Cosa fare, allora? La tutela della risorsa idrica passa anche attraverso “una corretta depurazione dei reflui fognari e il nostro Paese sembra che non riesca ad uscire da questa persistente emergenza. I dati Istat raccontano che nel 2015 sono 1,4 i milioni di abitanti non serviti da alcun servizio di depurazione, con situazioni maggiormente critiche in Sicilia, Calabria e Campania. Ma gli impianti, ove presenti, troppo spesso non garantiscono conformità con la direttiva europea sulle Acque Reflue”.
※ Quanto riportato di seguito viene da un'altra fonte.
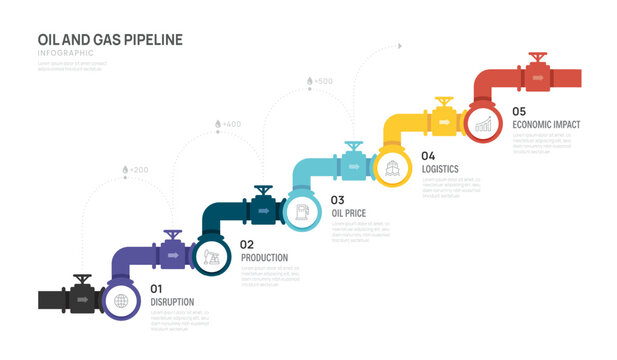 Oil and Gas pipeline business infographic 5 steps pipeline with icon, industrial energy workflow process and business development stages, vector.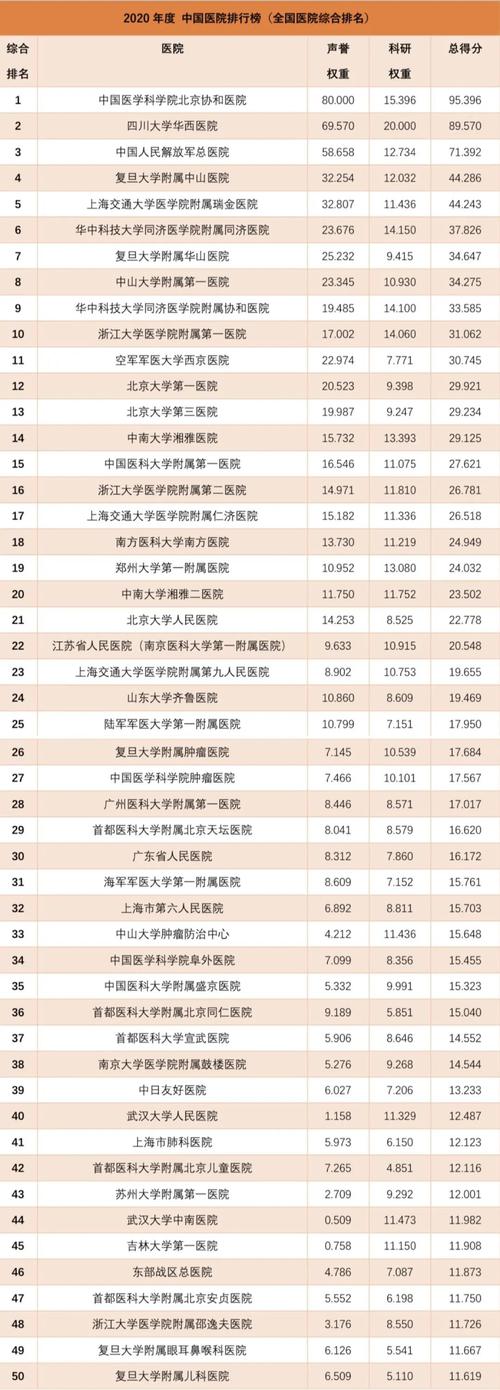 中国医院最新排行榜出炉，排名前五的医院分别是什么？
Il 37% delle acque superficiali italiane, inoltre, non raggiunge gli obiettivi di qualità della Direttiva Acque a causa dell'inquinamento da fertilizzanti, pesticidi e sedimenti inquinanti prodotti da aziende agricole e delle criticità che derivano dalle estrazioni idriche per l’irrigazione. “I nitrati restano un problema rilevante, specie nelle regioni più critiche, come sottolinea anche la Commissione Europea con la sua lettera di costituzione in mora (procedura d’infrazione 2018/2249), così come i pesticidi, presenti nel 67% dei punti di monitoraggio delle acque superficiali e nel 34% di quelli nelle acque sotterranee”.